_DATA SEGMENT_
※ ※ ※
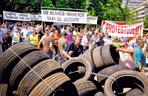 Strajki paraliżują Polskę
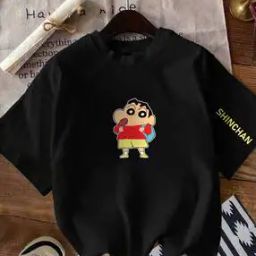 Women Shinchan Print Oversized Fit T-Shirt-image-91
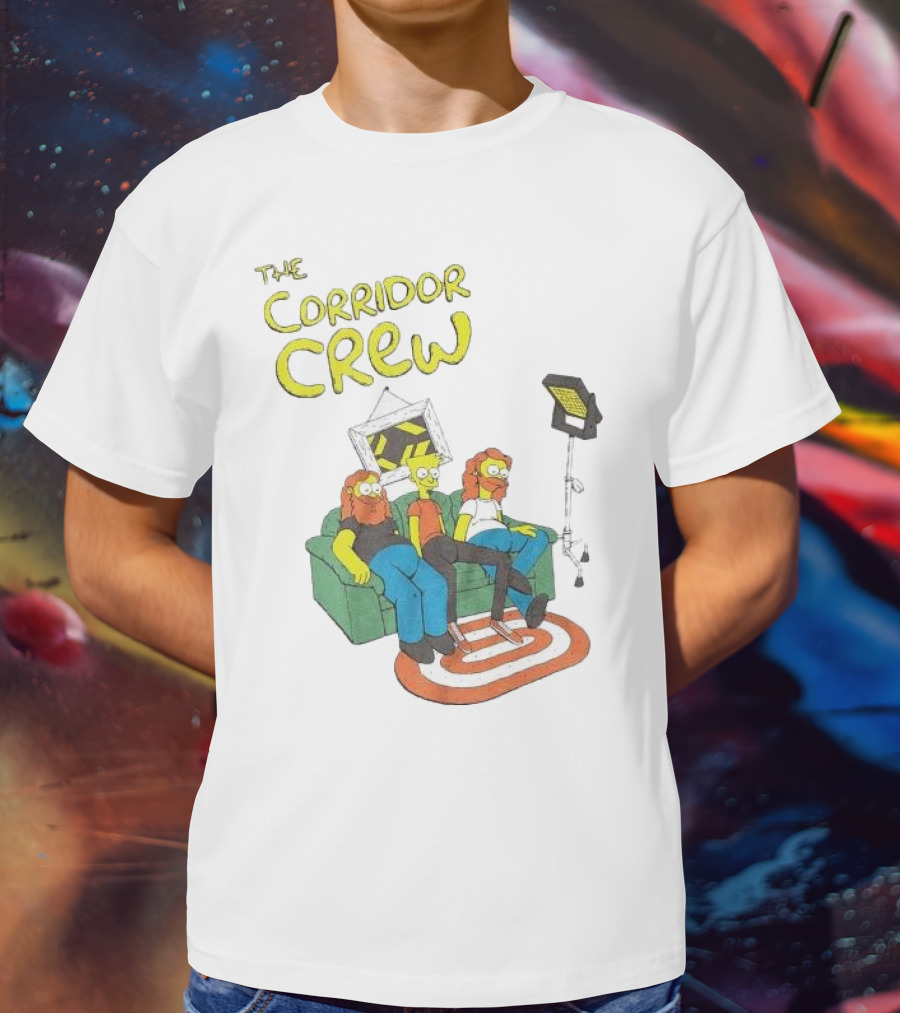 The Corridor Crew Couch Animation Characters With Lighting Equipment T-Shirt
※ ※ ※
_TASK DETAILS_
The lines above must be transcribed exactly, with every picture left out.

_RESPONSE TO THE EXERCISE_
 Strajki paraliżują Polskę
 Women Shinchan Print Oversized Fit T-Shirt-image-91
 The Corridor Crew Couch Animation Characters With Lighting Equipment T-Shirt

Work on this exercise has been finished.